Author explores historical and cultural context of BC artists

Life Arts October 21, 2015

Pender Island-based writer Maria Tippett, who grew up in Victoria, has always had words in her blood. Her latest book, Made in British Columbia, is just the most recent example of a passion she’s had since she was young.

“When I was a child I wrote a play,” she says. “I was about seven. I performed it at my school. I had always written; I wrote a novel when I was about 12. It was dreadful. Writing was a way to express myself and my relation with the rest of the world, I guess.”

Made in British Columbia examines the lives of eight individuals: visual artists Emily Carr and Bill Reid, architects Frances Rattenbury and Arthur Erikson, writers George Woodcock and Martin Grainger, and musicians Jean Couthard and George Ryga.
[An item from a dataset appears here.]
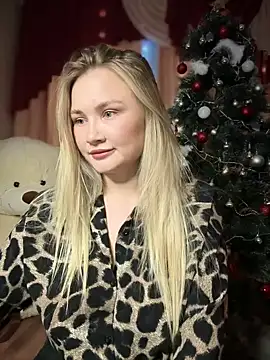 Snapshot of AmeliaAllem chatting on 12.19.24 AmeliaAllem online show from 12.19.24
They each have a distinct but equally important influence on the development of British Columbian culture, which Tippett wanted to explore further.

BC author Maria Tippett says she doesn’t believe in writer’s block (photo provided).
BC author Maria Tippett says she doesn’t believe in writer’s block (photo provided).

“I wanted to know about Emily Carr, and I wanted to know about other artists around her,” explains Tippett. “I wanted to know about landscape painters who were painting before her who were painting the British Columbian landscape. I wanted to know about her political situation. I wanted to know about her financial situation. One of the myths is that Emily was a poor starving artist, but that, of course, was not true.”

Tippett says that the book helps the reader understand the larger picture of what was going on during the times of the people profiled in its pages.

“I wanted to look at the broad picture,” she says. “The narrow picture would be the life and the work of the person I’m writing about, but it’s the social, political, and cultural context as well.”

Made in British Columbia is Tippett’s 15th book. Her first, Emily Carr: A Biography, came out in 1979. She says that writing books is difficult but adds that it has gotten easier for her.

“I’ve never had a block,” she says. “I don’t believe in writer’s block. Writing is a job, and it’s just like any other job, so whether I’m a carpenter or writer or whatever, there are challenges in whatever you do. In writing it’s just keeping it going: keeping it all in your head, pushing it along, and devoting all of your time to it.”

Tippett sticks to a routine when getting her books together, which includes time for exercise and uninterrupted writing. For her, writing is something you set a routine for and then get done.

“It’s a matter of doing it every day,” she says. “It’s not just something you do when you feel like it. If you want to be a writer you need a lifetime.”